Dieses Thema im Forum "Software" wurde erstellt von juberlin, 29. Juli 2013.

  1. juberlin

    juberlin Gast

    Namentlich im Zusammenspiel zwischen Adopbe Elements 11 und IPhoto klappt es so nicht zuverlässig. Z.B. sieht man in der Übersicht in IPhoto das Bild in der unveränderten Form, erst wenn man es in Vollansicht anklickt, erscheint die bearbeitete Version. Sowas ist verwirrend und für Nutzer nicht nachvollziehbar. Probleme auch beim Exportieren (z.B. auf einen USB-Stick, um Fotos dann auf einem anderen Mac zu zeigen): Dort werden die bearbeiteten Versionen nicht mit exportiert; den Grund habe ich bisher nicht gefunden. Wahrscheinlich liegen in irgendwelchen Unterunterunterordnern der Iphoto-Datenbank beide Versionen. Da IPhoto hier eine null nachvollziehbare Struktur hat, macht es einem das Zusammenspiel mit einem externen Editor unnötigerweise massiv schwer.
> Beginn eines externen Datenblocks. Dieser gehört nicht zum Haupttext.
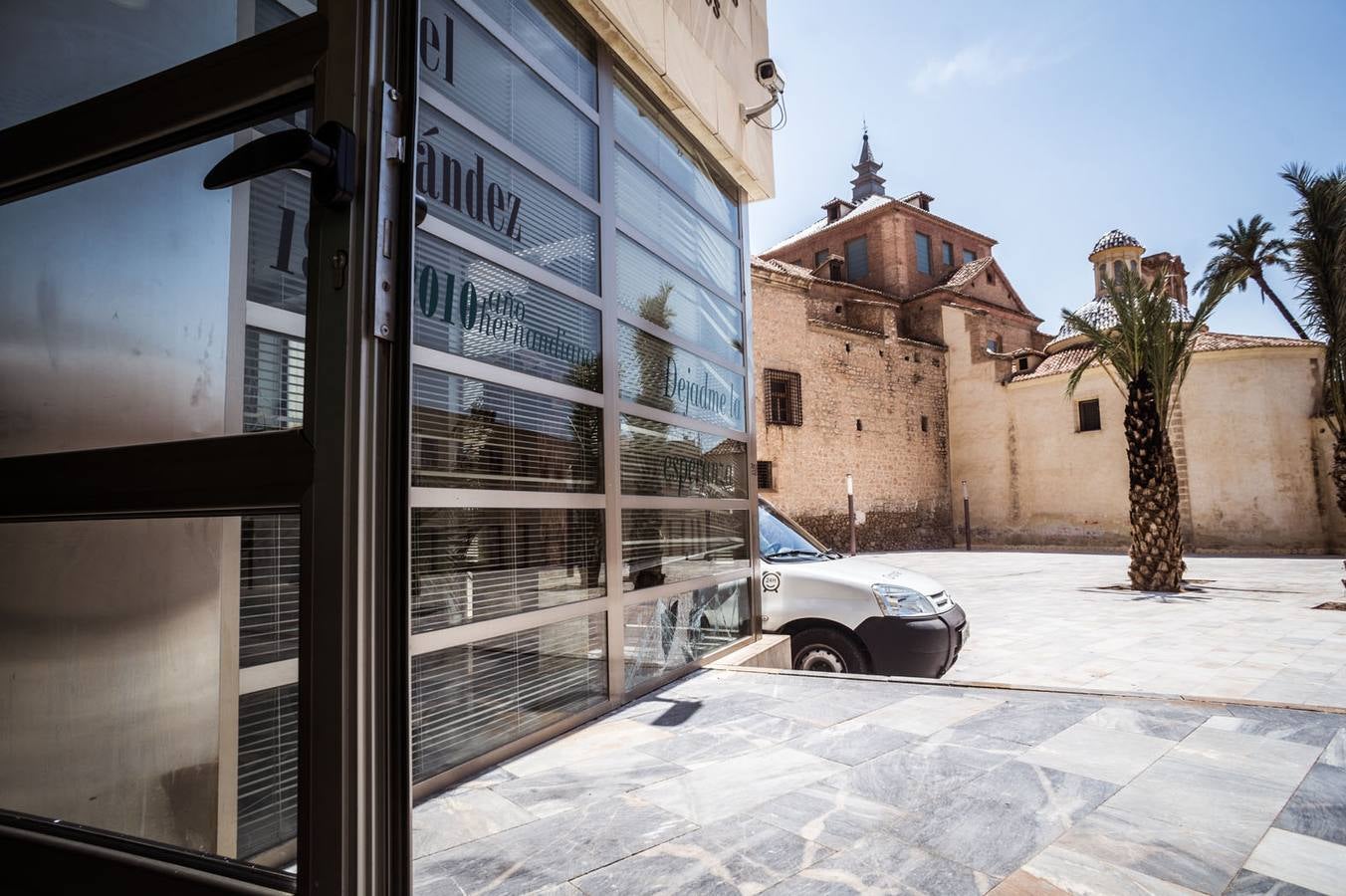 La FMH reclama más vigilancia en el Rincón Hernandiano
Sehr ärgerlich und leider ein Zeichen dafür, dass Apple keineswegs immer nutzerfreundlich ist (sage ich als Nutzerin eines IMac und MacBookAir seit Jahren, nach Umstieg von Windows), weil es z.B. an Transparenz mangelt, was die Strukturen angeht.
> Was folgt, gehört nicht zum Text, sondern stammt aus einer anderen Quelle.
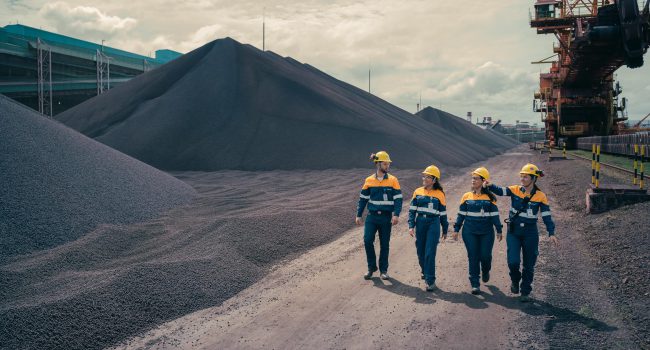 Samarco alcança produção de 20 milhões de toneladas de pelotas de minério de ferro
    Gerade bei einem Fotoprogramm, was wirklich die meisten nutzen möchten, müssten die Macs hier wirklich mehr bieten. IPhoto ist seit ewigen Zeiten nach demselben Prinzip gebaut, das eben - in seiner Datei- bzw. Ordner Struktur - einfach mega-kompliziert ist. Aber Apple scheint das nicht zu interessieren, dennn sie ändern es nicht. Kann ich nicht verstehen. Für mich gibt es immer mehr Mosaiksteinchen, die mich von Apple langsam wegbringen - nicht weil die anderen unbedingt besser wären, sondern weil es Alternativen gibt, die eben in etwa genauso gut, dafür aber billiger und nicht ganz so restriktiv in der Konsumenten-Gängelung sind.
    Wer weiß, vielleicht hats auch was mit Adobe zu tun, dass die das praktische Speichern in einem externen "Organizer" (also IPhoto statt des Elements Organizers) nicht so gerne sehen. Keine Ahnung. Ich weiß nur: diese Abstimmungsprobleme in der Computerwelt nerven. Die Konzerne sollten sowas nicht auf dem Rücken von Kunden austragen.